Las Vegas Sun

April 25, 2024

Columnist Susan Snyder: We doth protest too little

Last week protesters gathered near Interstate 40 to oppose a truck shipment of nuclear waste through Albuquerque.

The shipment was from the Nevada Test Site. It was driven along I-40 through New Mexico's largest city on its way to the Waste Isolation Pilot Plant (WIPP) 26 miles southeast of Carlsbad.

The low-level radioactive cargo included such items as protective gear contaminated by a type of alpha radiation. However, officials told the Associated Press on Thursday that none contained beta or gamma radiation, both of which are considered more dangerous than the alpha variety.

The Yucca Mountain site will get the nasty stuff -- if we get the Yucca Mountain site.

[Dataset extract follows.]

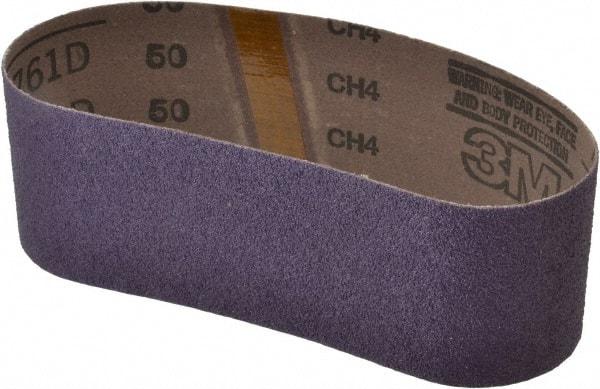 3M - 3" Wide x 21" OAL, 50 Grit, Ceramic Abrasive Belt - Ceramic, Coarse, Coated, Y Weighted Cloth Backing, Series 761D - Benchmark Tooling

Nevada officials and those from the Department of Energy are still battling that decision in court. But the DOE released a proposed route for the waste last month. Right before Christmas. Didn't even put a bow on it.

The proposed 319-mile route would transport waste via railroad from Caliente and through a portion of the state considered virtually vacant.

Well, cattle ranchers raising their children in Lincoln County are invisible when you never travel there. The DOE officials might not know about those folks because they didn't consult Nevada about the route, according a Dec. 24 report by Las Vegas Sun reporter Cy Ryan.

The nukeland express supposedly will cross four mountain ranges. Since we're all entertaining fiction, are they planning to do winter shipments along this proposed route to a waste dump that hasn't been approved?

In all fairness, DOE released the route nine days before a westbound Amtrak passenger train derailed because of snow in the Sierras between Reno and Sacramento. Maybe DOE officials will change their minds now. (Hey, if you're going to tell a tale, you may as well tell a big one.)

Anyway, when visiting New Mexico over the Thanksgiving holiday, we drove from Santa Fe to Taos in search of snow. We didn't find any snow, but we took a nice long ride on a road called the WIPP Bypass (also known as the Santa Fe Relief Route, Highway 599 or Veterans Memorial Highway).

The road was built to divert shipments of nuclear waste from Los Alamos Laboratories around Santa Fe as it was trucked to the Carlsbad facility.

But as the Albuquerque residents learned last week, one route doesn't always fit. The waste from the Nevada Test Site doesn't go near Santa Fe. It travels on the interstate like so many loads of french fries.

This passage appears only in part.